# Some tricks in Python

## Function arguments

If you look the signature of [scikit-learn's `cross_validate`](https://scikit-learn.org/stable/modules/generated/sklearn.model_selection.cross_validate.html):

In [1]:
from sklearn.model_selection import cross_validate
from inspect import signature

signature = signature(cross_validate)
print(signature)

(estimator, X, y=None, *, groups=None, scoring=None, cv=None, n_jobs=None, verbose=0, fit_params=None, params=None, pre_dispatch='2*n_jobs', return_train_score=False, return_estimator=False, return_indices=False, error_score=nan)


You can notice the `*`. The `*` is a special syntax in Python that marks the separation between positional-only or positional-or-keyword parameters (before the `*`) and keyword-only parameters (after the `*`):
- Parameters before the `*` (like `estimator`, `X`, `y`) can be passed either positionally or as keyword arguments.
- Parameters after the `*` (like `groups`, `scoring`, `cv`, etc.) must be passed as keyword arguments. You cannot pass them positionally.

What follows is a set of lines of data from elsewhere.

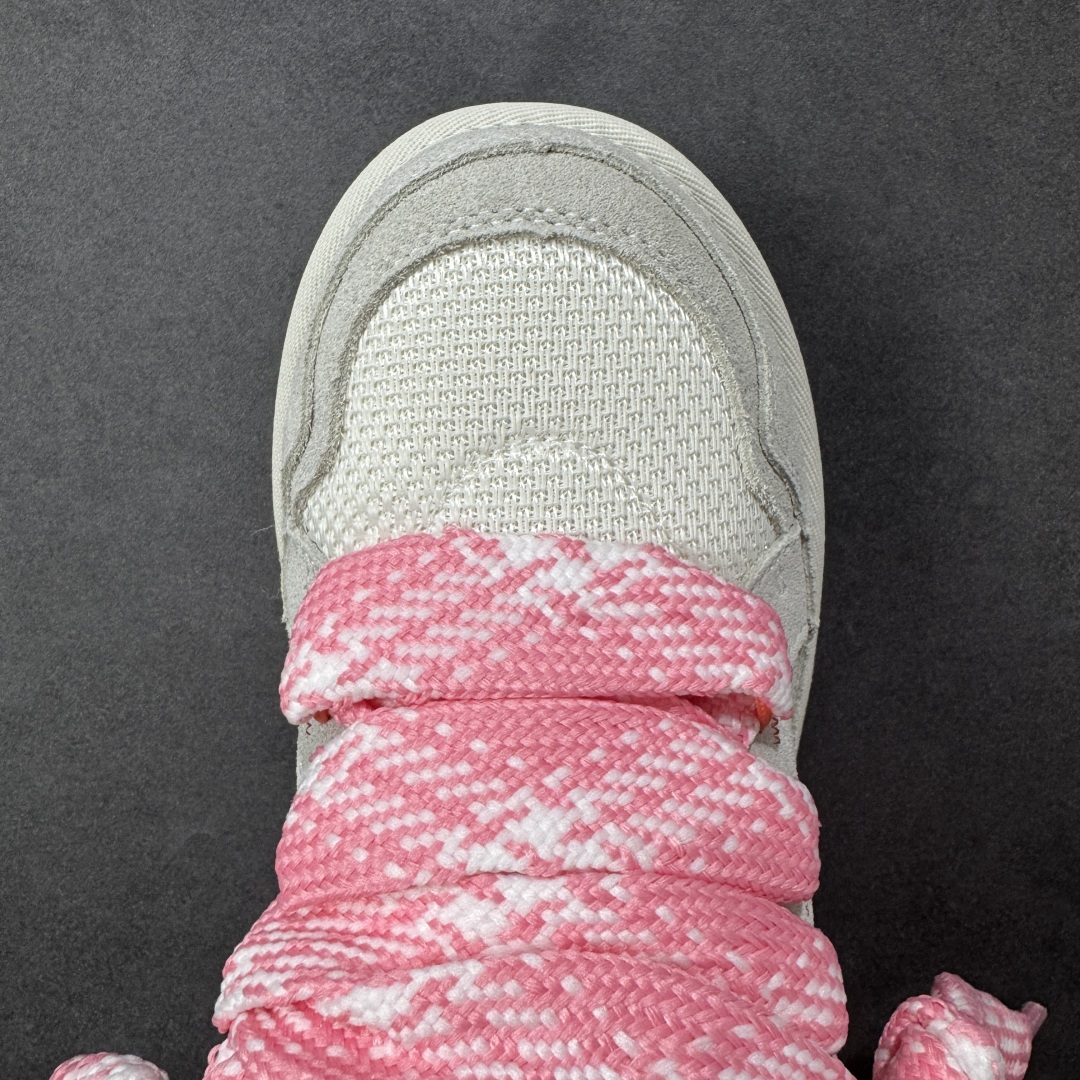 图片[8]-【SP顶级版】UGG 4032系列 秋冬羊毛一体雪地靴 原代工厂隆丰A级真羊毛皮一体完全遵循正平正品，精选A级羊皮毛一体材质，内里毛绒如云朵般包裹双脚，白带恒温属性一寒锁温抗冻，股季透气排湿，让双脚时刻处于干爽舒适的状态，轻量化设计搭配柔韧鞋底，每一步都似踩在软垫上，再加上贴合足型的弧度与足跟支撑，无论是居家休憩,外出通勤还是日常跑腿，全天行走也无负担。 从经典高筒靴到简约拖鞋，从基础中性色到潮流设计，既能与牛仔裤、卫衣打造随性日常，也能搭配裙子、男女同款更能轻松适配情侣穿搭。 优质羊皮毛天生耐磨损，搭配扎实工艺与防水科技加持，能抵御日常磨损与雨雪侵袭。一双穿数年仍能保持柔软质感💪🏻 尺码：35-40-选品中心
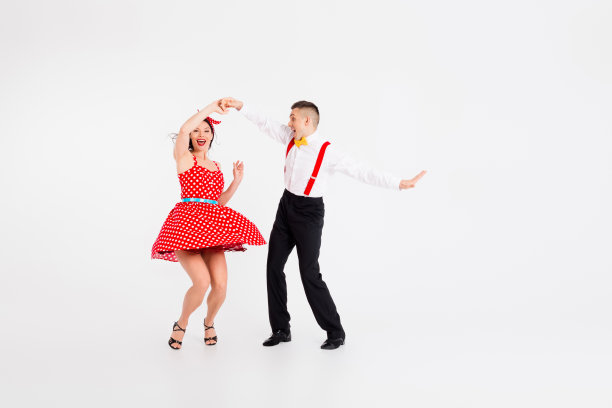 两位年轻优雅的人在白色背景上进行复古舞蹈的全身照片图片下载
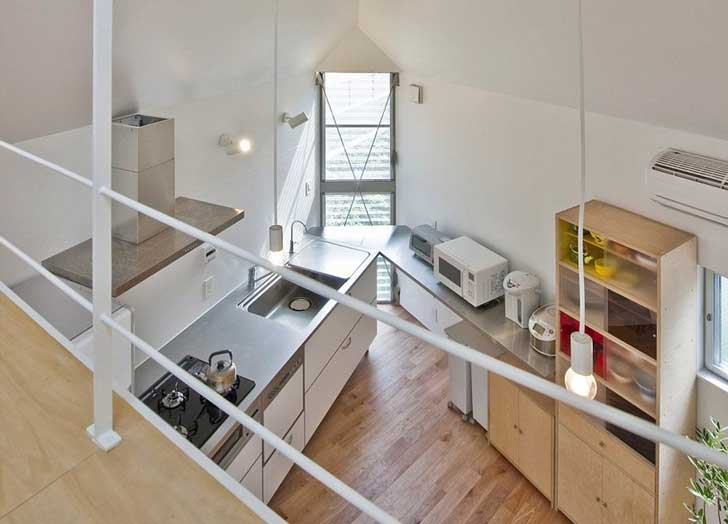 তিন কোণা বাড়িটির ইন্টিরিয়ার ডিজাইন এমন ভাবে করা হয়েছে, যাতে ফাঁকা জায়গার সর্বাধিক ব্যবহার করা যায়।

## Public vs. Private Functions in Python

In Python, there’s no strict enforcement of "public" or "private" access like in some other languages (e.g., Java or C++). Instead, Python relies on **naming conventions** to indicate the intended visibility or usage of variables, functions, or methods:

1. **`func_public`** (no underscore):
   - This is considered a **public** function by convention.
   - It’s intended to be part of the public API of a module or class, meaning it’s safe and expected for external code to call it.

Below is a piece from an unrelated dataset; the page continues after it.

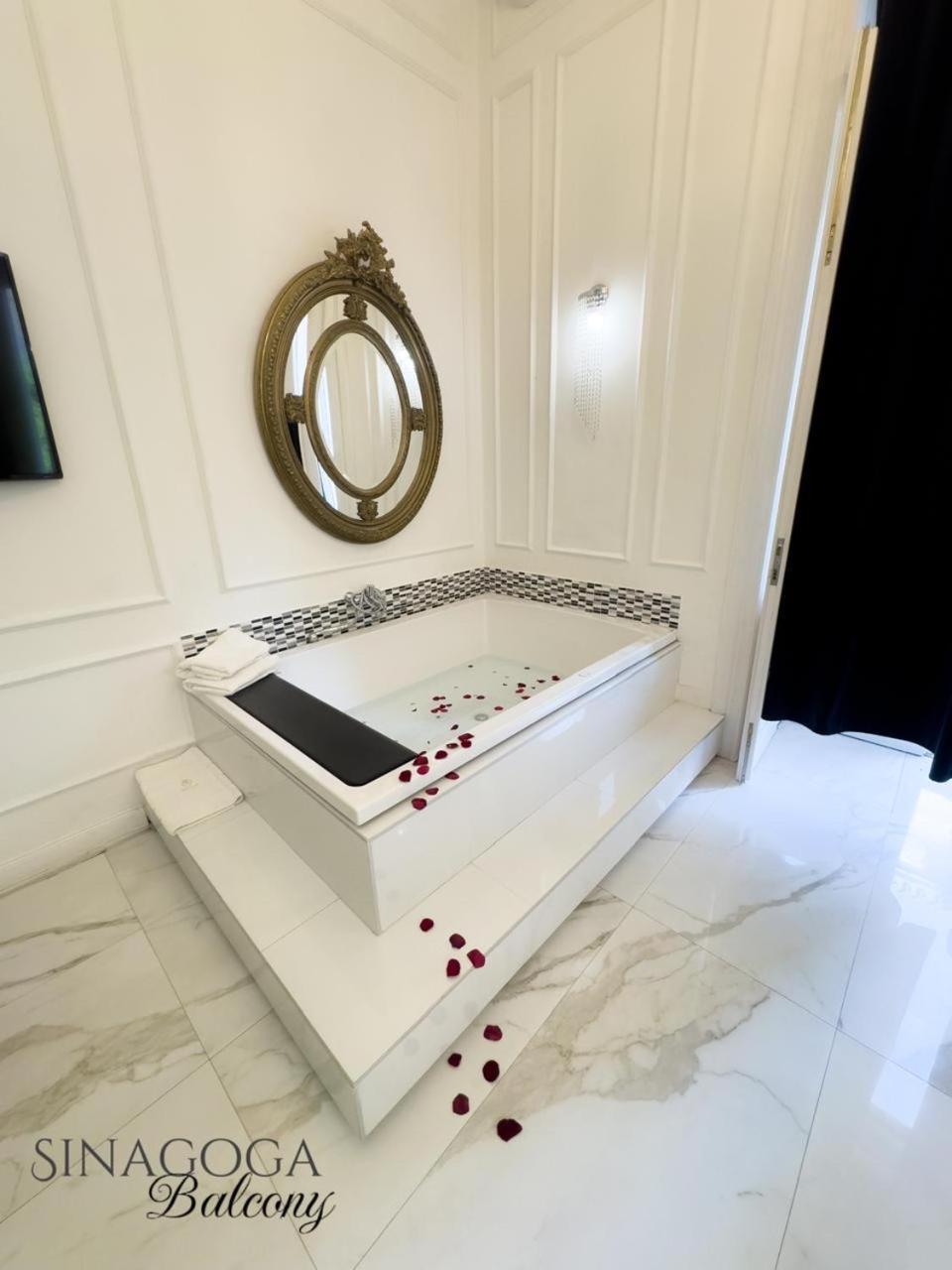Jacuzzi Sinagoga View Daire Budapeşte Dış mekan fotoğraf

2. **`_func_private`** (single leading underscore):
   - This is considered a **private** or **protected** function by convention.
   - The single underscore signals to other developers that this function is intended for **internal use** within the module or class and should not be accessed directly from outside. However, Python does **not enforce this**—it’s still fully callable.

Key Points
- **Both are callable**: Both `func_public()` and `_func_private()` can be called in Python. The single underscore is just a hint to programmers—it doesn’t impose any technical restriction.
- **Convention, not enforcement**: The underscore is part of Python’s “we’re all consenting adults” philosophy. It relies on developers respecting the convention rather than the language enforcing access control.

Example:

In [2]:
def func_public():
    print("This is public")

def _func_private():
    print("This is private")

# Both work fine
func_public()
_func_private()

This is public
This is private


## What is an Accessor in Python?

In Python, an **accessor** typically refers to a way to **access** (retrieve) an object's attribute or data, often implemented using a **property** or a method. More broadly, it’s a mechanism to get (and sometimes set) the value of an object’s internal state in a controlled way. The term is most commonly associated with the `@property` decorator, which allows you to define a method that behaves like an attribute.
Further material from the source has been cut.